I am proud to admit that I am an indie artist. To be more specific, an indie author. And since the “indie” does everything they can to spin the system around and make it their bitch, I thought it fitting to dedicate this “Misfit Monday” to the indie artist.
What is an “indie”?
For some people, the “indie” is an artist with a Do It Yourself mentality — instead of depending upon others to make the dream happen, they do it themselves. To some extent, that is very true. But not all indie artists are DIYers. In fact, one of the most beautiful aspects of being an “indie” is you have a veritable community of fellow indies who would love to help you.
Community.
That is such a strong word in the indie world. Where label-seekers, corporate artists, and other non-indies tend to live their artistic life with but one goal — stepping over everyone else in the rise to fame and fortune; the indie artist fully understands the community is only as strong as its weakest member.
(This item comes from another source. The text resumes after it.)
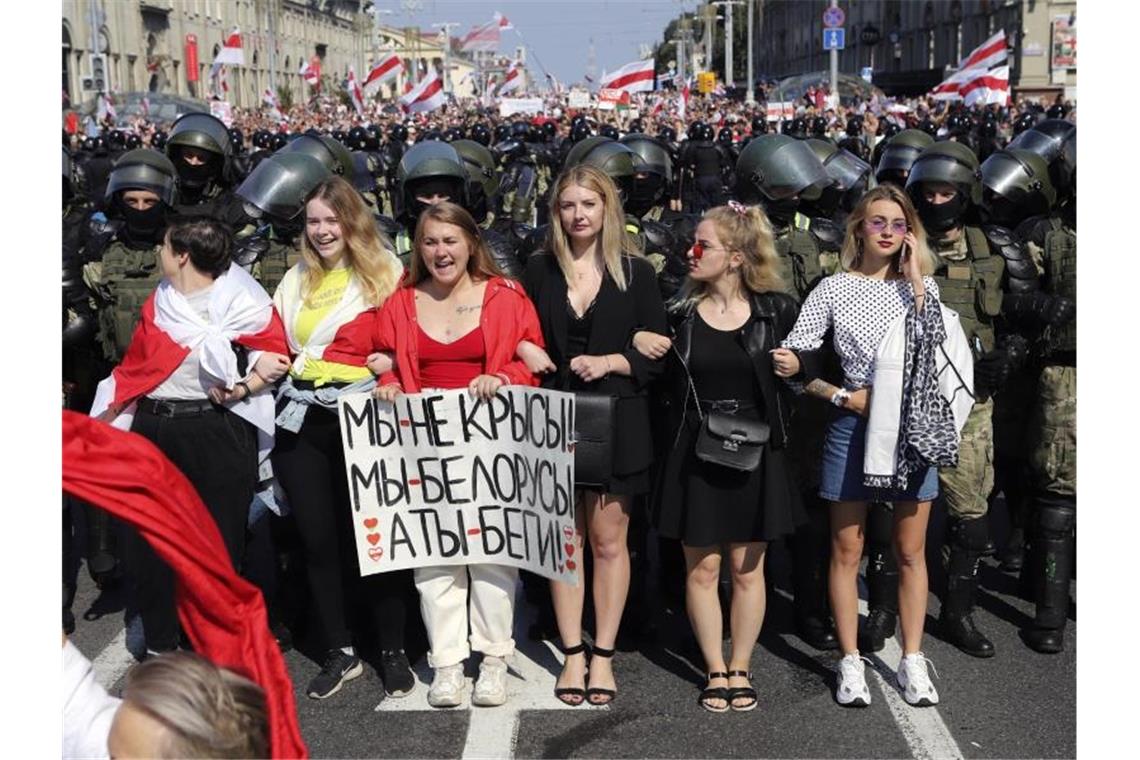Tausende Frauen protestieren in Belarus gegen Lukaschenko Die belarussische Opposition hat in der Hauptstadt Minsk und in zahlreichen anderen Städten zum sogenannten „Marsch der Frauen“ aufgerufen. Foto: Uncredited/AP/dpa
Many scholars, pundits, and other media-happy peoples (shiny or not) associate the beginning of the indie movement with music. The likes of (early) REM, The Lemonheads, The Judybats, Big Wheel, Mazzy Star — all bands who shirked the big labels to do everything they could to get their music heard, even if footing the production bill themselves. But I would argue that the indie movement predated the likes of 90s grunge by quite a bit.
Let’s think about Beat Poets, Chance music, and Jackson Pollock. Each of these types (or artists) shied away from popular culture and brought about a new form of art — one not accepted by “The Man” or the average art-loving member of society at large. They broke boundaries, didn’t play by the rules, made their own forms, took a chance on something new.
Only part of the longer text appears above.